Although Q*bert for the Game Boy Color was marketed as the handheld equivalent to the PlayStation game, it’s once again a very different beast. The mechanics are much closer to the arcade game – no surprise, since the code is based off an exact homebrew port of the original. It is the only game that allows to play as an alternate character, Q*dina from the 1999 title, but gameplay is the same between her and Q*bert.
Like its big brother, this rendition of Q*bert features an Adventure and an Arcade mode. Adventure is once again divided into five dimensions for Q*bert’s friends and Coily, but they lack the gimmicks and new elements they used to be associated with. The Triplets and A!bol still appear in the stags, but all they do is grant extra lives. Alongside the familiar balls, sometimes a little sun drops down the buildings that erases all enemies, and a shield that makes the hero invincible for one collision with an enemy.
About halfway through the adventure, stages start to consist of several parts that can be travelled in between with teleporters. Otherwise the 20 stages lack any defining elements to tell them apart, although in some of them with particularly narrow parts Q*bert is simply set up to fail. Enemies drop at an insane rate, and there’s no indication when and where they appear, either, so trying to clear the narrow paths at the top of many stages goes along with many cheap deaths. There is also one instance where the teleporters never lead back to the first part of the stage, so if the player hasn’t cleared that in the first place, there is no other way to solve it than lose all lives and use a continue (which sets the score back to zero). The last few stages are insanely long, and in some of them Sam and Slick mess up the board almost faster than it is humanly possible to clean up after them. This is definitely one of the harder games to bear the Q*bert name, but not for entirely good reasons.

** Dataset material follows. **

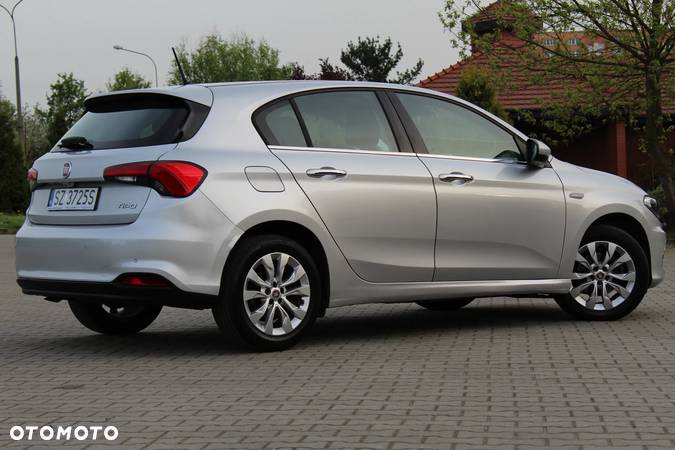 Fiat Tipo 1.6 MultiJet Lounge - 13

Arcade mode isn’t simply a reproduction of the 1982 original, either. It does omit all the added elements from Adventure mode, but it entirely consists of original stages, the classical pyramid is not even in as an introductory level. Although it is paced quite a bit slower than Adventure mode, it suffers from the same problem with unforeseeable deaths. The stage design is more interesting than in the old Game Boy game, so this is the better choice on a portable device, but still inferior to the SNES and PlayStation games.